Kirche zwischen Finanzmarkt und Seelsorge: Historiker erforschen den Ablasshandel des Spätmittelalters neu. Der führte schließlich zu Martin Luther und zur Reformationsbewegung.

Drei Kontrollposten muss man passieren, vorbei an sonnenbebrillten Sicherheitsleuten und Schweizer Gardisten in schmucken Uniformen, um ins materialisierte Gedächtnis der katholischen Kirche zu gelangen. Für eine Stunde öffnet das Vatikanische Geheimarchiv den Teilnehmern der vom Deutschen Historischen Institut (DHI) in Rom veranstalteten Ablasstagung seine Pforten. Ganz so opulent wie in der Dan-Brown-Verfilmung „Illuminati“ kommen die Räumlichkeiten zwar nicht daher, dennoch: Ehrfurchtsvoll ist man schon, im Angesicht von 85 Regalkilometern Schriftbestand und der im Lesesaal eigens für die internationale Crème de la Crème der Mediävistik ausgebreiteten mittelalterlichen Schriftstücke.

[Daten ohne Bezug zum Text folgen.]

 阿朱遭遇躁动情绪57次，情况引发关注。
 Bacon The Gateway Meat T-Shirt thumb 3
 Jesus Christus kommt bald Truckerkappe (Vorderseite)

Historiker vorm Wormser Edikt

Im Schatten eines ausgezehrten Christus am Kreuz, der die Szenerie zu überwachen scheint, stehen die Historiker vor dem berühmten Wormser Edikt – jenem Erlass, mit dem Kaiser Karl V. im Jahr 1521 über den Reformator Martin Luther die Reichsacht verhängte.

Die jüngst stattgefundene Tagung „Ablasskampagnen des Spätmittelalters – Martin Luther und der Ablassstreit von 1517“ blickte denn auch schon auf das Ende der Lutherdekade. 2017 wird es 500 Jahre her sein, dass Luther seine 95 Thesen gegen die Ablasspraxis der Kirche in Umlauf und damit die Reformation derselben in Gang gebracht hat.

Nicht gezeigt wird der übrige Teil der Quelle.